Assignment
Look through the listing below for the line with "Huskat Coke billede 6" and the line with "Ocypode ceratophthalmus". Copy both, along with every line between them, exactly and with no pictures.

Data under study
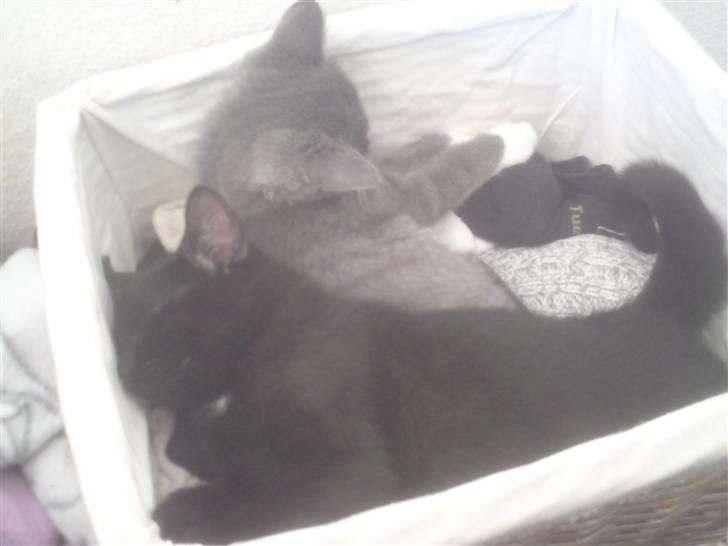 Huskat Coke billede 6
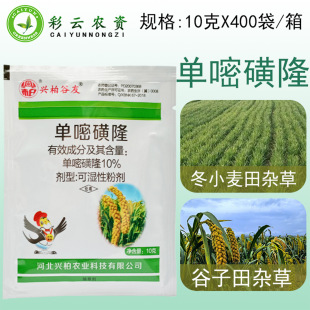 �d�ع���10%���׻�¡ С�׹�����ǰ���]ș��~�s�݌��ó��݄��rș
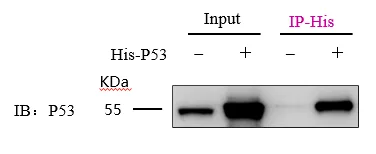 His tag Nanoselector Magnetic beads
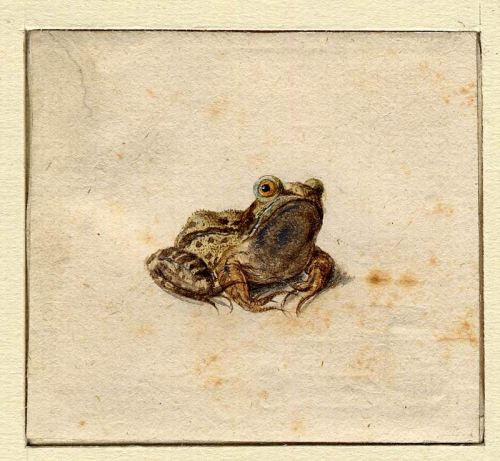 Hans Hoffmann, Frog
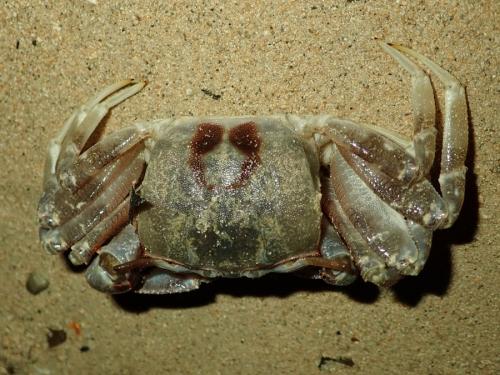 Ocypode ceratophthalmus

==

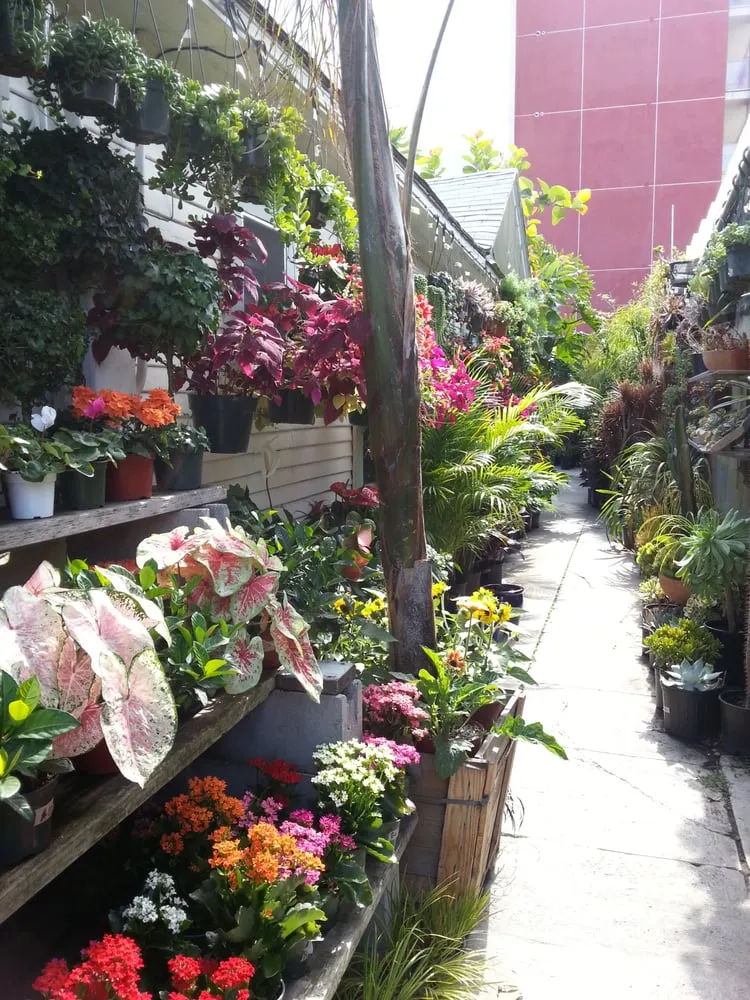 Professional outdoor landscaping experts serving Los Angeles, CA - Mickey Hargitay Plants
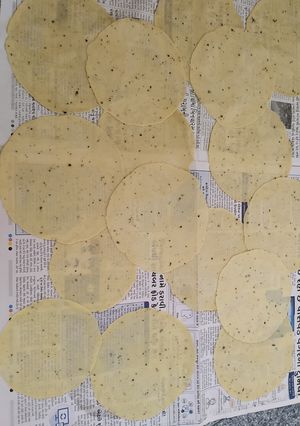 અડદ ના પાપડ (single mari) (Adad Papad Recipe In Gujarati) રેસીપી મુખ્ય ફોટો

Solution for this exercise
 Huskat Coke billede 6
 �d�ع���10%���׻�¡ С�׹�����ǰ���]ș��~�s�݌��ó��݄��rș
 His tag Nanoselector Magnetic beads
 Hans Hoffmann, Frog
 Ocypode ceratophthalmus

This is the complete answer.